Captioned web images
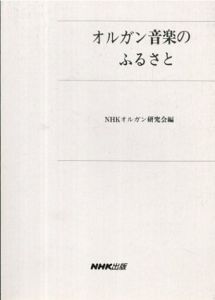 オルガン音楽のふるさと/NHKオルガン研究会
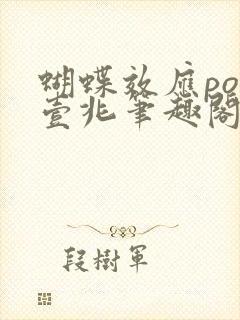 蝴蝶效应po兆壹兆笔趣阁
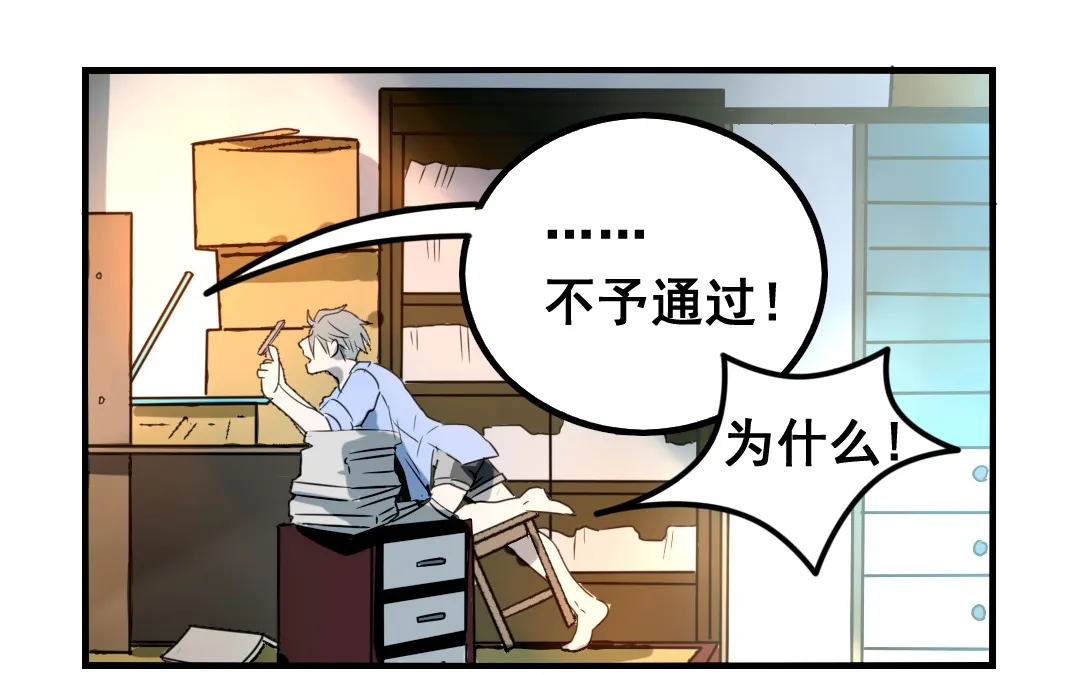 第1话 不速之客 第23页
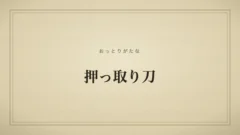 押っ取り刀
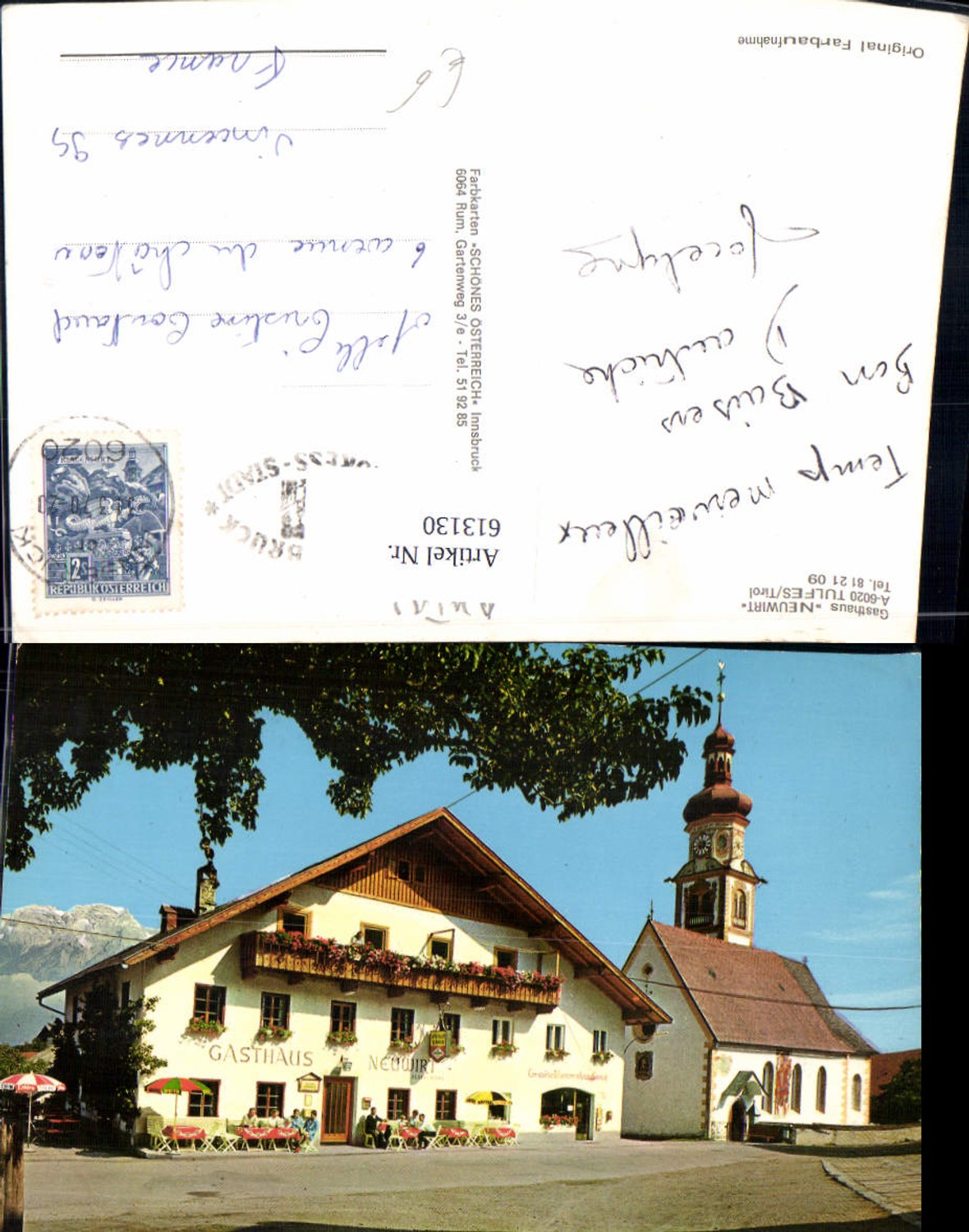 Alte Ansichtskarte – Old Postcard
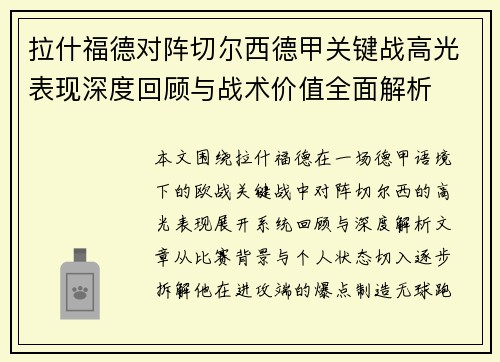 拉什福德对阵切尔西德甲关键战高光表现深度回顾与战术价值全面解析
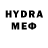 МЕТАДОН methadone Montfan R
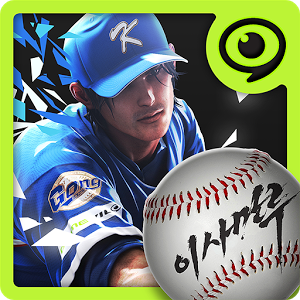 2015 KBO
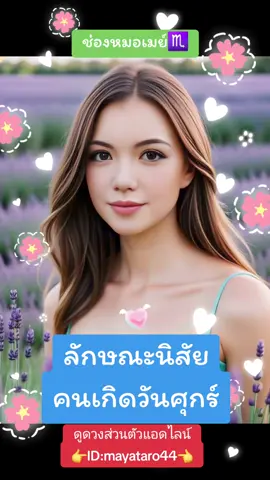 ลักษณะนิสัยคนเกิดวันศุกร์🩵🩵#ทายนิสัย #คนเกิดวันศุกร์ #นิสัยตามวันเกิด #หมอดู #ไพ่ยิปซี #ดูดวงความรัก #tiktokดูดวง #ดูให้จบ #fyp #หมอเมย์♏ #ดูดวงส่วนตัวแอดไลน์ 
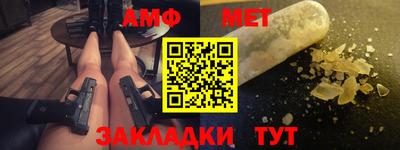 бутират Гай
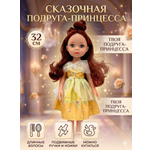 Кукла классическая SHARKTOYS Белль высота 32 см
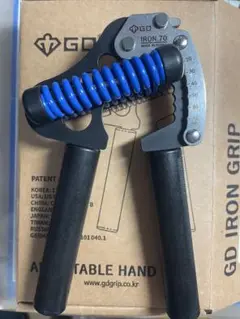 GD IRON GRIP 70 ハンドグリップ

Problem description. Please reproduce every entry above exactly, but leave out the pictures.

Expected output.
 オルガン音楽のふるさと/NHKオルガン研究会
 蝴蝶效应po兆壹兆笔趣阁
 第1话 不速之客 第23页
 押っ取り刀
 Alte Ansichtskarte – Old Postcard
 拉什福德对阵切尔西德甲关键战高光表现深度回顾与战术价值全面解析
 МЕТАДОН methadone Montfan R
 2015 KBO
 ลักษณะนิสัยคนเกิดวันศุกร์🩵🩵#ทายนิสัย #คนเกิดวันศุกร์ #นิสัยตามวันเกิด #หมอดู #ไพ่ยิปซี #ดูดวงความรัก #tiktokดูดวง #ดูให้จบ #fyp #หมอเมย์♏ #ดูดวงส่วนตัวแอดไลน์ 
 бутират Гай
 Кукла классическая SHARKTOYS Белль высота 32 см
 GD IRON GRIP 70 ハンドグリップ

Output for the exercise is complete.